Fifteen years later, I left that job to look for another one that better matched the identity I had developed in the meantime. I wondered why I could not find such a position despite the CV I had. I shared this with a colleague, and she bluntly asked me, “Are you falling from the sky? Don’t you know that it won’t work if you don’t know the right people?”
The same situation was repeating itself, this time coming from someone who worked professionally as a psychotherapist and whom I considered close. I felt her words like a cold shower. I didn’t know what to say. Only when I got home did I understand why: she had touched my weak spot — the same one that made me experience my difference as inadequacy and my idealism as naïveté. Over time, I had begun to express this difference more openly, but during that period I felt vulnerable. I was without work, my money was running out, and no new source of income was taking shape.
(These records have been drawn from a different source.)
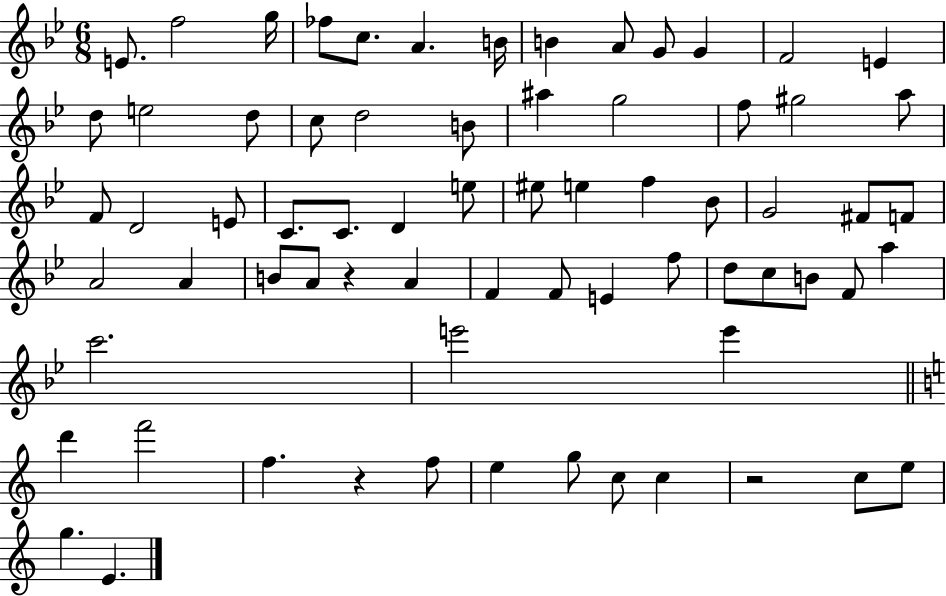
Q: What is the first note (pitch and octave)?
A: E4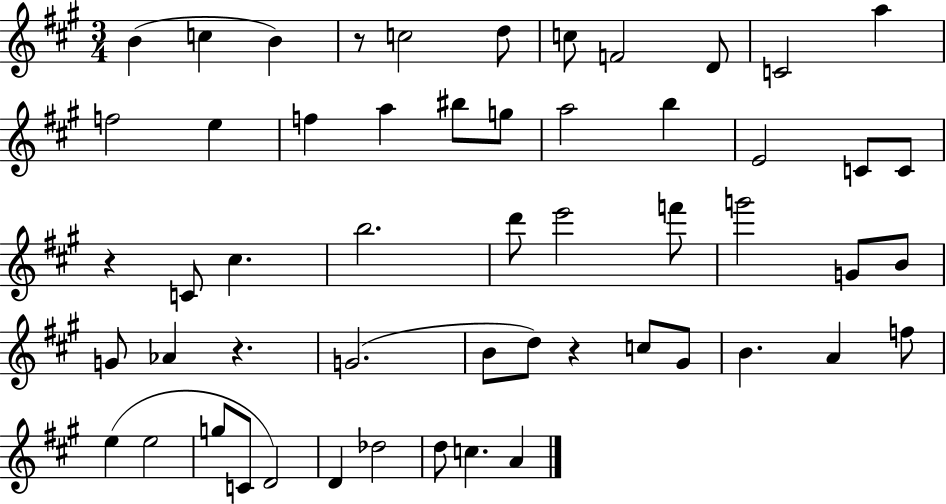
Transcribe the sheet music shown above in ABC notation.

X:1
T:Untitled
M:3/4
L:1/4
K:A
B c B z/2 c2 d/2 c/2 F2 D/2 C2 a f2 e f a ^b/2 g/2 a2 b E2 C/2 C/2 z C/2 ^c b2 d'/2 e'2 f'/2 g'2 G/2 B/2 G/2 _A z G2 B/2 d/2 z c/2 ^G/2 B A f/2 e e2 g/2 C/2 D2 D _d2 d/2 c A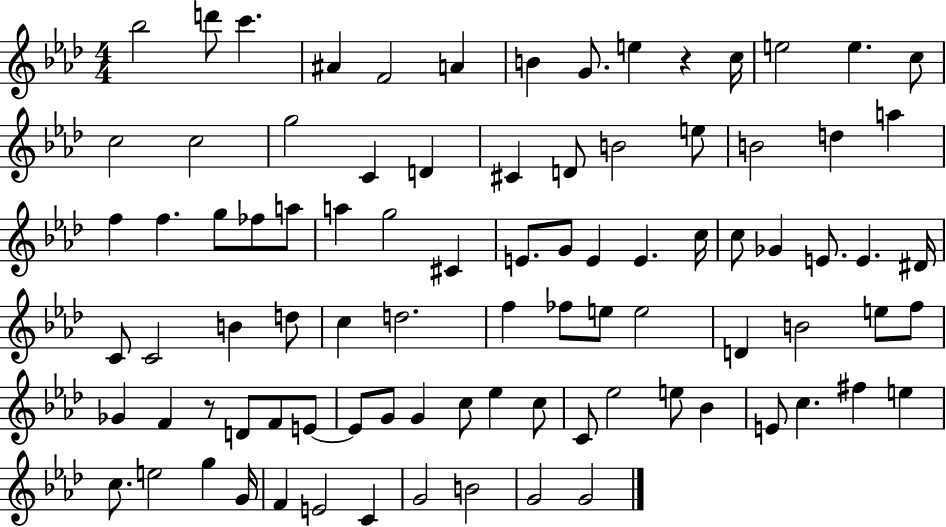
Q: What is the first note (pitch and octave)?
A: Bb5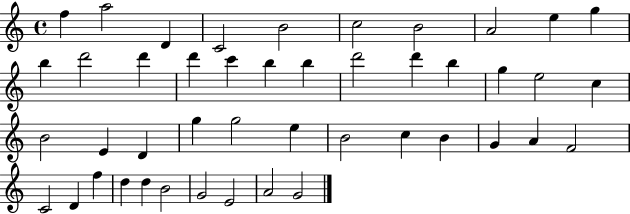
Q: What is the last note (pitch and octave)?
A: G4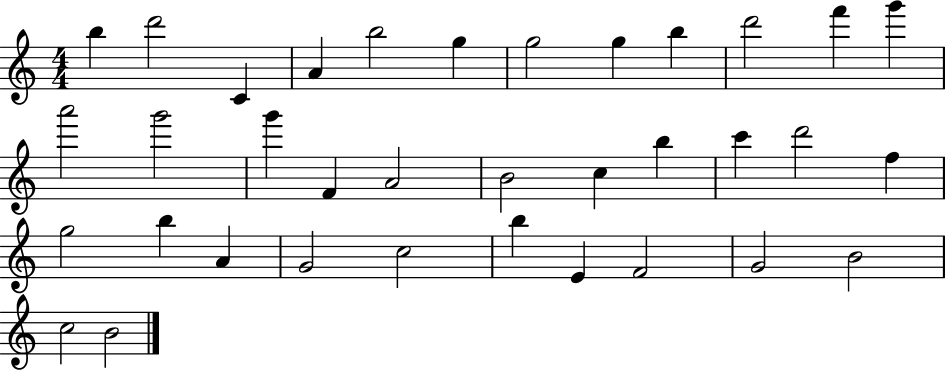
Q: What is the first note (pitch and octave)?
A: B5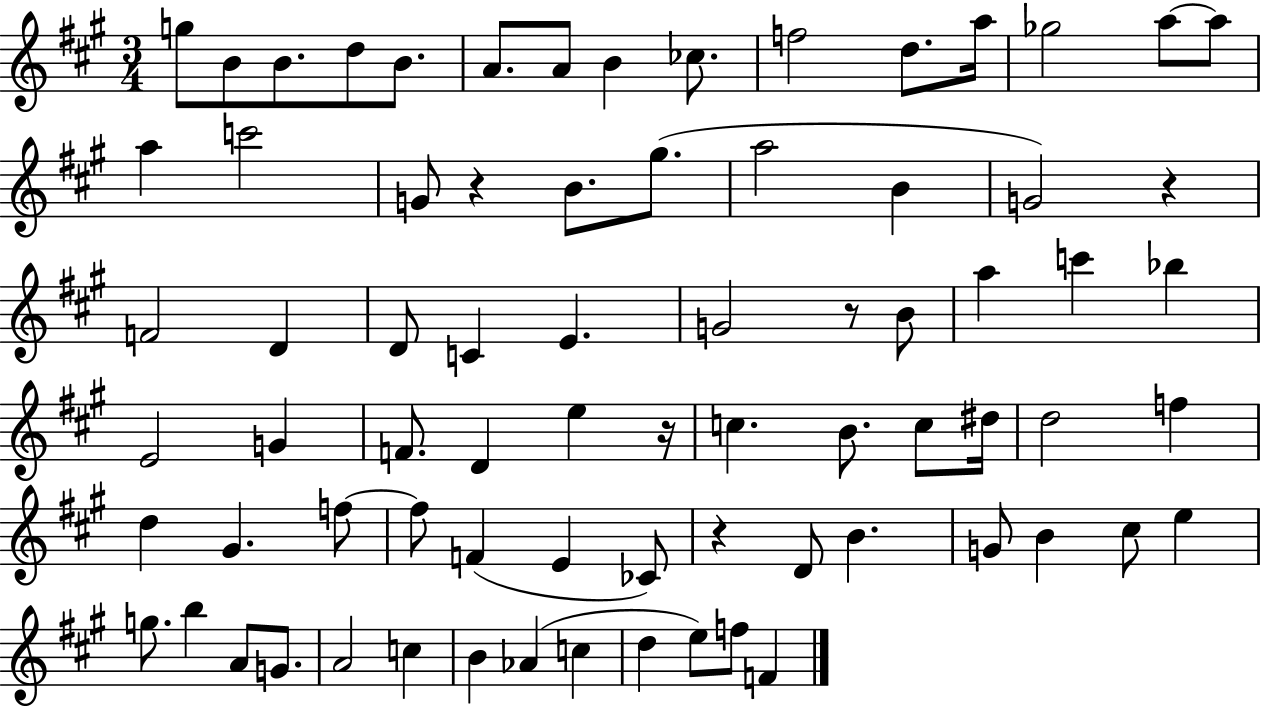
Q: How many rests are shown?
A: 5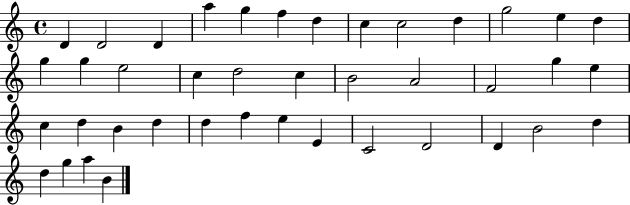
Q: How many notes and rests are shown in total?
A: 41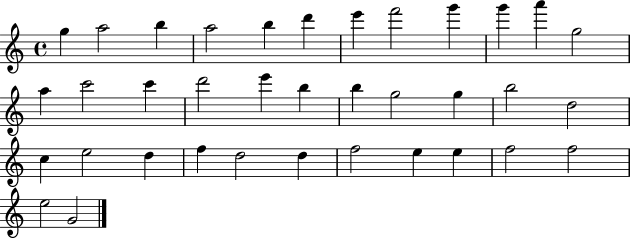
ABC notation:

X:1
T:Untitled
M:4/4
L:1/4
K:C
g a2 b a2 b d' e' f'2 g' g' a' g2 a c'2 c' d'2 e' b b g2 g b2 d2 c e2 d f d2 d f2 e e f2 f2 e2 G2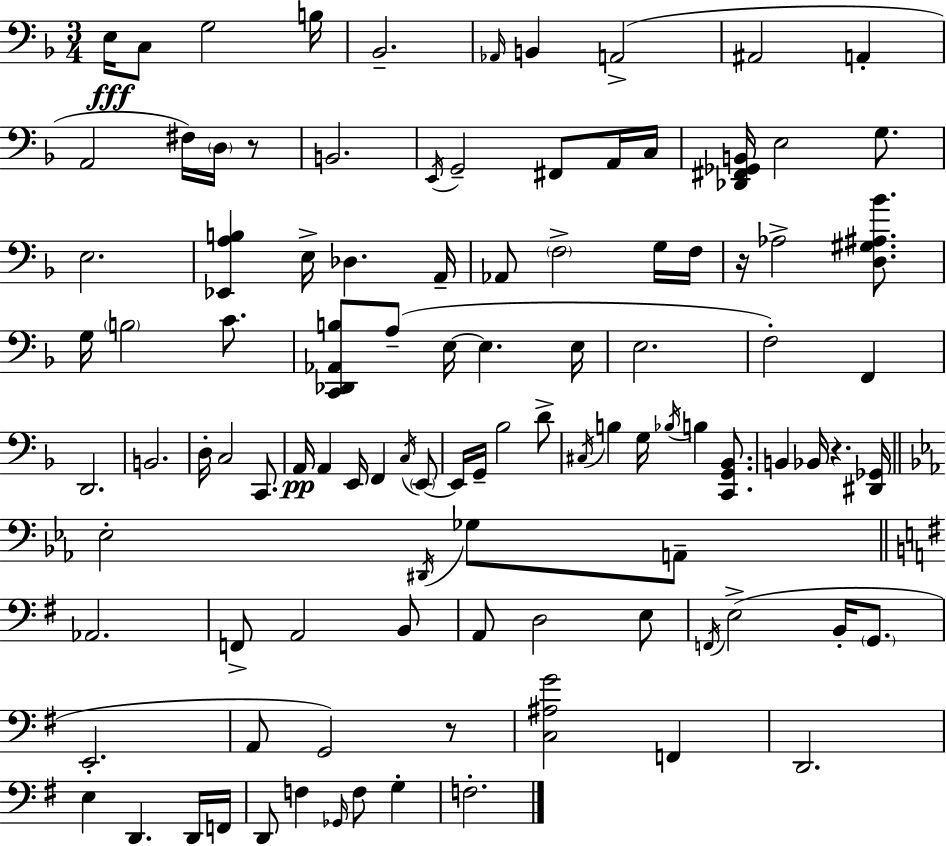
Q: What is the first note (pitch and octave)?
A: E3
What helped me then was the same thing that had helped me before — to keep believing in myself and not to give in to the discouraging advice of various “well-wishers.” Messages like: if you don’t know the right people, you won’t find a job. Back then I told myself that even if this were true — even if they were right — there must still be some percentage of exceptions to that rule. A percentage in which the rule of knowing the right people does not apply, and in which I could try my luck. I decided that this percentage was one percent, because I felt very alone against those messages. That is why I called it “the one-percent rule.”
Today I would rename this rule the ten-percent rule, or even more than that. But back then, the only thing that sustained me was my faith that there had to be exceptions for people like me. There had to be.
Years later, I came across the book by Robin Skynner and John Cleese, Life and How to Survive It. In it, I found what I had known back then only with my heart. The book presents the scale of mental health as something that differs among different groups of people. In the middle of that scale stands the average person — the same one who had been giving me discouraging messages. The problem is that the average person has an average level of mental health, while higher levels of mental health are connected to values that I also shared. And reaching those levels happened in exactly the way I had intuitively formulated for myself through the one-percent rule: by walking uncharted paths, staying faithful to your values, taking risks, and paying the price for it.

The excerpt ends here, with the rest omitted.